La cathédrale Saint-Etienne est en effet la réunion de deux églises : la cathédrale elle-même, qui se déploie selon un axe est-ouest, et Notre-Dame La Ronde, qui lui est perpendiculaire1. En 1260, on décida de les associer en un seul édifice de grande envergure. Notre-Dame la Ronde avait deux entrées. Celle du sud servit à la cathédrale, dont la façade ouest ne comprenait pas de portail2, et fut pourvue d’un riche ensemble de sculptures à la fin du XIIIe s.

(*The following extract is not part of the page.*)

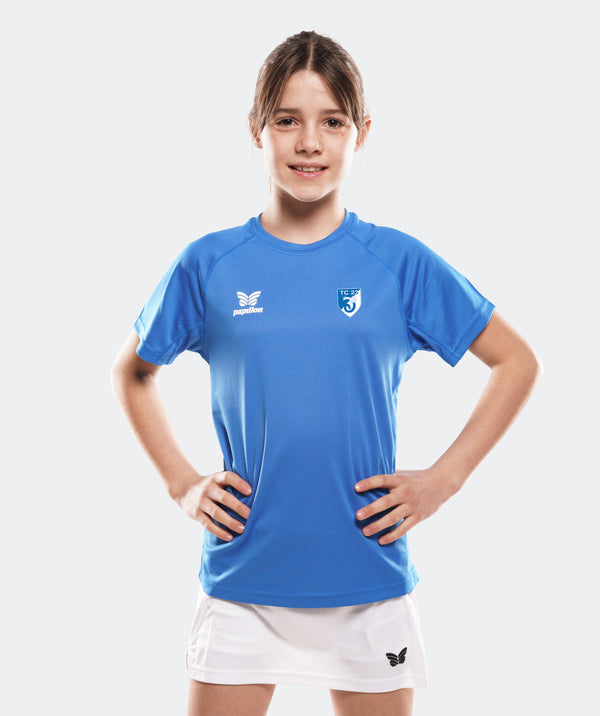 TC BW 23 Ahlen Team Shirt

Au XVIIIe s., l’architecte François Blondel fut chargé par le Gouverneur de Metz, le comte de Belle Isle, d'aménager les abords de la cathédrale en place royale : il détruisit le groupe épiscopal qui s'étendait au sud de l'édifice et entoura cet espace d'arcades de style classique. Il masquait ainsi le bas de la cathédrale et condamnait le Portail de la Vierge. A la fin du XIXe s., l’architecte allemand Tornow dégagea le monument de ces arcades. Le Portail de la Vierge fut redécouvert et restauré.

Le programme sculpté est un condensé de l’enseignement chrétien. Les cinq arcs de la voussure sont consacrés des successions de personnages qui se rapportent à l’annonce du Messie : de l'extérieur à l'intérieur, les prophétesses païennes3, les prophètes de l’Ancien Testament, les vieillards de l'Apocalypse4, les Anges et enfin les ancêtres du Christ. Le portail accorde par ailleurs une large place aux Anges. Non seulement ils figurent sur la voussure, mais les montants des deux portes sont ornés d'anges musiciens d'une belle facture.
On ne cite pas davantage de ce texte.